> [PROMPT]: Output, without alteration, the first line of the entries and each line after it, stopping with the line that contains "Room Apartment, Green".

Stored entries:
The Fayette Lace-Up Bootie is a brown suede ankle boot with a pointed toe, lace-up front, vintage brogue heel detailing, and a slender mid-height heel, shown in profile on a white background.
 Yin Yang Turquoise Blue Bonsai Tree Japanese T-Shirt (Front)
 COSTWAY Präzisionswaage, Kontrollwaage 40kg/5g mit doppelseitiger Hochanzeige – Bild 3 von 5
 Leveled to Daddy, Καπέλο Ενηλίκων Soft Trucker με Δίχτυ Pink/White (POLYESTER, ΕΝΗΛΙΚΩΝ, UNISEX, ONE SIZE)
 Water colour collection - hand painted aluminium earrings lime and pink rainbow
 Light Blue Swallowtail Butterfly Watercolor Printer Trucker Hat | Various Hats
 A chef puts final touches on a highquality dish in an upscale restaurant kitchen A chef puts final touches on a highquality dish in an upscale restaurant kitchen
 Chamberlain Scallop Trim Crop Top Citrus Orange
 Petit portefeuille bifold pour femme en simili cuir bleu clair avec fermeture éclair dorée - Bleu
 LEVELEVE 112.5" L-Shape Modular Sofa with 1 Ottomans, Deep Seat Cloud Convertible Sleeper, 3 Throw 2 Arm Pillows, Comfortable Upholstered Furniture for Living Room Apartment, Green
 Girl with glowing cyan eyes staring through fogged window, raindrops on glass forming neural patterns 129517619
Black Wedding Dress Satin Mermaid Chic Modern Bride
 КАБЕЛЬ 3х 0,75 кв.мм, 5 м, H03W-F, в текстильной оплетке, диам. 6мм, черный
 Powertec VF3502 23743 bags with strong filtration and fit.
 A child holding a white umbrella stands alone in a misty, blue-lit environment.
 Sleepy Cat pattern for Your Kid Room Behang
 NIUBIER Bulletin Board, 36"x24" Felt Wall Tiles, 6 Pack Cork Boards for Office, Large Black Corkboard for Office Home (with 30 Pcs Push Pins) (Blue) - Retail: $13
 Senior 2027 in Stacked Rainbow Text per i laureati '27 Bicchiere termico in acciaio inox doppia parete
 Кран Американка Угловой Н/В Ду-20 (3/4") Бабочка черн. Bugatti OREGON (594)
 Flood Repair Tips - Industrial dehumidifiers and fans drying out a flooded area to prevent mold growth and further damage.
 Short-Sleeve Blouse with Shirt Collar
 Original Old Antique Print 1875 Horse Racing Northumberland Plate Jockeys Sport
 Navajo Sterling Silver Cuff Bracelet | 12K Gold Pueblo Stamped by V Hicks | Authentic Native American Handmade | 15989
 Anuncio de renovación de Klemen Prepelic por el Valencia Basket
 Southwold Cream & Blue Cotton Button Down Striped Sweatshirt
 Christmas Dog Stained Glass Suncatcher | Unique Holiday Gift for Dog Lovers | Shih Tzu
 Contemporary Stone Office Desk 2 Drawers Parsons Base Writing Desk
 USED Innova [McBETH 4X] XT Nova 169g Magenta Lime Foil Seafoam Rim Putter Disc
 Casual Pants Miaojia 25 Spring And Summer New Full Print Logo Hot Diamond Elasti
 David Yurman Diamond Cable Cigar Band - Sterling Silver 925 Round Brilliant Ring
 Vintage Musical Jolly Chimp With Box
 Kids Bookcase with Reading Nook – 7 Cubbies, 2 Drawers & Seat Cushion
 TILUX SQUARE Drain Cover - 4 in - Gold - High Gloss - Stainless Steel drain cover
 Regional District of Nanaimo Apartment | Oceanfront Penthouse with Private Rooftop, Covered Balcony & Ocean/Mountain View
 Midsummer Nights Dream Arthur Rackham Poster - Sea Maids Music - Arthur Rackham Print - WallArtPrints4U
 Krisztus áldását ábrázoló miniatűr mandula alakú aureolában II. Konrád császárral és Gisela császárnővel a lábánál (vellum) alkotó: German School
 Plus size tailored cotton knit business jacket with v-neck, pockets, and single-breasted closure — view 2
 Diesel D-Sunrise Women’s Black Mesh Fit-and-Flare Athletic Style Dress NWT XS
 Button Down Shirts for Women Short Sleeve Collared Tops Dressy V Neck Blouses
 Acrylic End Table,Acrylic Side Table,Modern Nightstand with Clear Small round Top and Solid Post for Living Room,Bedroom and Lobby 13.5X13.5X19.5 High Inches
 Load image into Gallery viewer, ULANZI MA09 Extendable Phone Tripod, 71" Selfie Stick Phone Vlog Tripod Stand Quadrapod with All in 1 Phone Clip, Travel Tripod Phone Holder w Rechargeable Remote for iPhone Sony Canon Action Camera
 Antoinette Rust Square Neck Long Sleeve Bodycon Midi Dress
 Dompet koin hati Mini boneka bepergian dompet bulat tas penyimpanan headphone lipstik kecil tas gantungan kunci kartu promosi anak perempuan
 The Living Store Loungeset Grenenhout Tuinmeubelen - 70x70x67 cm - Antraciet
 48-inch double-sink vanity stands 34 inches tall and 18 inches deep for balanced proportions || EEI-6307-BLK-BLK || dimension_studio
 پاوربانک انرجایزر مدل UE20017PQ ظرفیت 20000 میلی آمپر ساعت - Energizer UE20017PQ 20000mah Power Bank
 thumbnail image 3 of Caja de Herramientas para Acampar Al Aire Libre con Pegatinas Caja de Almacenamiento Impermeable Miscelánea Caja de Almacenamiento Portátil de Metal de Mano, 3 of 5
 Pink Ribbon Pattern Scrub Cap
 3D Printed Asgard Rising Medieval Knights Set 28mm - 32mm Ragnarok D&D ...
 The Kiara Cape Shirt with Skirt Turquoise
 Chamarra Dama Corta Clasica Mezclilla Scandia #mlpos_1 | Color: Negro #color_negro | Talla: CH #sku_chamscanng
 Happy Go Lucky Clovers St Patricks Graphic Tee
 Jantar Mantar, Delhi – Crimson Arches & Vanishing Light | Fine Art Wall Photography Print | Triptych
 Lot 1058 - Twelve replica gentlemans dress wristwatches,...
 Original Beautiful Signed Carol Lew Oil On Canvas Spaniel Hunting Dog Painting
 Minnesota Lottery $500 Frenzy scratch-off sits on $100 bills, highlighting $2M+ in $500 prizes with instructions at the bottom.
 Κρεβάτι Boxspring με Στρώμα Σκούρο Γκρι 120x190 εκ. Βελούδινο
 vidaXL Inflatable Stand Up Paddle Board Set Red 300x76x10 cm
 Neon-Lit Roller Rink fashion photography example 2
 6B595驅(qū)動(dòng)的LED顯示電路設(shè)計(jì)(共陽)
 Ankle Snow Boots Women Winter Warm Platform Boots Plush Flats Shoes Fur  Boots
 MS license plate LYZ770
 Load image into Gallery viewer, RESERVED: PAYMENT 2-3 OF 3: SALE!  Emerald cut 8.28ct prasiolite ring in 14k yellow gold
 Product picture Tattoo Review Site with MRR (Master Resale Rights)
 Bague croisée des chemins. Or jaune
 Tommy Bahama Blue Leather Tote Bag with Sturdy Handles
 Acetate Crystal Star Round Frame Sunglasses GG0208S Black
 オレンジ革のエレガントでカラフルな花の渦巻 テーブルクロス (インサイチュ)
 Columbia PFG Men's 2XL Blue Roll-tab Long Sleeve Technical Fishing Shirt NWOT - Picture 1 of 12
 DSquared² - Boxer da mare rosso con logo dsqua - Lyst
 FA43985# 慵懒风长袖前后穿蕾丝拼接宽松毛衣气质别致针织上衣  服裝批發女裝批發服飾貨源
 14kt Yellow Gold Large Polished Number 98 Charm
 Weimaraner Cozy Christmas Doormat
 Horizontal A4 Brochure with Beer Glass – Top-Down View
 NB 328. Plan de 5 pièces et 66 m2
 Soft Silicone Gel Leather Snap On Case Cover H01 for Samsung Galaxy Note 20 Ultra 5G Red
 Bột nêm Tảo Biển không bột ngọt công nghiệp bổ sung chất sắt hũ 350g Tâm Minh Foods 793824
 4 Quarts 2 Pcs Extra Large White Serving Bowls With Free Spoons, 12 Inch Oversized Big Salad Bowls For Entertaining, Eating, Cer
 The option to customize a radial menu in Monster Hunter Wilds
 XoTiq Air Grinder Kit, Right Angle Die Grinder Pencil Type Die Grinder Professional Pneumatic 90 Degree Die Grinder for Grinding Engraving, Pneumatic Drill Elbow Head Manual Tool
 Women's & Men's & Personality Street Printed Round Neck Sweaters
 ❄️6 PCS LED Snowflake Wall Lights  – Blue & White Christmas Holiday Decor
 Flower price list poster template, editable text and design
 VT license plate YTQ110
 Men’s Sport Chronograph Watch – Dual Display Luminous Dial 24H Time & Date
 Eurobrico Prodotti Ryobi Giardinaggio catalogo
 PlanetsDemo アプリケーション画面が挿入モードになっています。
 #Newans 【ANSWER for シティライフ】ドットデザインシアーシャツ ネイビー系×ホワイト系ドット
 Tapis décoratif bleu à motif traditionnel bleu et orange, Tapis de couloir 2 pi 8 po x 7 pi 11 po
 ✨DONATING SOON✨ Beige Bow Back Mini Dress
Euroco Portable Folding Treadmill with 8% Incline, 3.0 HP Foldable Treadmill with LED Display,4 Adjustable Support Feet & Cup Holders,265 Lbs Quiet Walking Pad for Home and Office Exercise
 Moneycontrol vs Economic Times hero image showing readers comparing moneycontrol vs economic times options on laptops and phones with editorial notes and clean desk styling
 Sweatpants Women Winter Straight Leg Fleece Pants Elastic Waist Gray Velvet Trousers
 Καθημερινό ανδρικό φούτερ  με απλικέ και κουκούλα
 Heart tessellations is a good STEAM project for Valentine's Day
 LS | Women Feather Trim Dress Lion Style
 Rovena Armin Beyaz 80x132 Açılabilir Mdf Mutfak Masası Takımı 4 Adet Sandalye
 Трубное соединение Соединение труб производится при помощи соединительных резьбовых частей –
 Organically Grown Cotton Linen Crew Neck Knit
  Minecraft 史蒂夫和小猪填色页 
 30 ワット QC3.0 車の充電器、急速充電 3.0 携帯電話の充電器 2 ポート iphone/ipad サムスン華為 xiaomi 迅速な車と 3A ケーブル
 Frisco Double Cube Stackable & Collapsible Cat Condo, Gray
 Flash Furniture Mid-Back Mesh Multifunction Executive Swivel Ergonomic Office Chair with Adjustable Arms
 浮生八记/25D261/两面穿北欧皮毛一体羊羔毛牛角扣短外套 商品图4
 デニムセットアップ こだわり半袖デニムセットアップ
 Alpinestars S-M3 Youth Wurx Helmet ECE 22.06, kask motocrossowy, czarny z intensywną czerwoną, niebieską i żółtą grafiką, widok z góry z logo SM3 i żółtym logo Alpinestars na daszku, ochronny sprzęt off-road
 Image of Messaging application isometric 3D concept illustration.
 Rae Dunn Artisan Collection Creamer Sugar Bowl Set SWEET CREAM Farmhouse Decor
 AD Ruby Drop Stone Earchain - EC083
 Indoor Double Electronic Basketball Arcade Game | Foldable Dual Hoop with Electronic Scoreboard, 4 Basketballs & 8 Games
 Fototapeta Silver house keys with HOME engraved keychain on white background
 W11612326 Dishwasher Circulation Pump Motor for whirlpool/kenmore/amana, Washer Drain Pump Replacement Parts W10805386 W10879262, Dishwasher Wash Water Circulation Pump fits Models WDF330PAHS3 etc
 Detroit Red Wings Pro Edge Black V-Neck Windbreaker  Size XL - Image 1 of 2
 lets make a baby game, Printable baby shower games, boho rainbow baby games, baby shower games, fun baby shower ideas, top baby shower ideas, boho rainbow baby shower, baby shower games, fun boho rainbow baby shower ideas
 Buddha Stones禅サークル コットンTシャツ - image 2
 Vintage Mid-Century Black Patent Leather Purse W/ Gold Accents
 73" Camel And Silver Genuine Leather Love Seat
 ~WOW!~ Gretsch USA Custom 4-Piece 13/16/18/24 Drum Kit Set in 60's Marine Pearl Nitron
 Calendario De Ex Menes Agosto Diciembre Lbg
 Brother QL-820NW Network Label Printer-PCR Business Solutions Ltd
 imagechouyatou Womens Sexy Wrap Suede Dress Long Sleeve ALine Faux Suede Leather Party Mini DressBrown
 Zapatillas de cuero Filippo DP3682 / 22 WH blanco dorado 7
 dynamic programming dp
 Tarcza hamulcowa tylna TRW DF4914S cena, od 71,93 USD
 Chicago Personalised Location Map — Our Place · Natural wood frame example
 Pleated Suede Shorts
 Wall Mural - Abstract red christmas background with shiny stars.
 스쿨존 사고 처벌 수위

> [REPLY TO THE TASK]:
The Fayette Lace-Up Bootie is a brown suede ankle boot with a pointed toe, lace-up front, vintage brogue heel detailing, and a slender mid-height heel, shown in profile on a white background.
 Yin Yang Turquoise Blue Bonsai Tree Japanese T-Shirt (Front)
 COSTWAY Präzisionswaage, Kontrollwaage 40kg/5g mit doppelseitiger Hochanzeige – Bild 3 von 5
 Leveled to Daddy, Καπέλο Ενηλίκων Soft Trucker με Δίχτυ Pink/White (POLYESTER, ΕΝΗΛΙΚΩΝ, UNISEX, ONE SIZE)
 Water colour collection - hand painted aluminium earrings lime and pink rainbow
 Light Blue Swallowtail Butterfly Watercolor Printer Trucker Hat | Various Hats
 A chef puts final touches on a highquality dish in an upscale restaurant kitchen A chef puts final touches on a highquality dish in an upscale restaurant kitchen
 Chamberlain Scallop Trim Crop Top Citrus Orange
 Petit portefeuille bifold pour femme en simili cuir bleu clair avec fermeture éclair dorée - Bleu
 LEVELEVE 112.5" L-Shape Modular Sofa with 1 Ottomans, Deep Seat Cloud Convertible Sleeper, 3 Throw 2 Arm Pillows, Comfortable Upholstered Furniture for Living Room Apartment, Green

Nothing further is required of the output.